**HOW TO COMPLETE THIS TASK**
Once the line with "Amazing Spiderman - #236" is found in the entries below, print it and each following line exactly, stopping after the line with "Bamboo Charcoal Powder Deep Cleaning Soap"; print nothing else.
───── RECORDS TO USE
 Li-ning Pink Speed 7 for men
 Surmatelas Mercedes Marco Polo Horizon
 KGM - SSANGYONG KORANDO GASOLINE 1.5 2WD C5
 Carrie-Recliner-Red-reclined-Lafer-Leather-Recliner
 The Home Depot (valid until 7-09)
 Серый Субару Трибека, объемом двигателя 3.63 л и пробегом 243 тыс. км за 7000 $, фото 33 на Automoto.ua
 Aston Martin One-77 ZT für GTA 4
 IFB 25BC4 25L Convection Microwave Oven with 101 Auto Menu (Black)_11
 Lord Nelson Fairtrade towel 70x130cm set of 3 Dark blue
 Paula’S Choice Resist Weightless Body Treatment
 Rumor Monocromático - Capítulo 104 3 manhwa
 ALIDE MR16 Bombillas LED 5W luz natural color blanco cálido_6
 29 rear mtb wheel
──────────
───── RECORDS TO USE
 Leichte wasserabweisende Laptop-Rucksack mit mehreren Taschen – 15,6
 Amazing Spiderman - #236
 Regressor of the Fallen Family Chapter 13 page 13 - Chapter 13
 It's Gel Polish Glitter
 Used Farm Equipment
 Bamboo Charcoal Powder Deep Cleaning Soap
──────────
**TASK SOLUTION**
 Amazing Spiderman - #236
 Regressor of the Fallen Family Chapter 13 page 13 - Chapter 13
 It's Gel Polish Glitter
 Used Farm Equipment
 Bamboo Charcoal Powder Deep Cleaning Soap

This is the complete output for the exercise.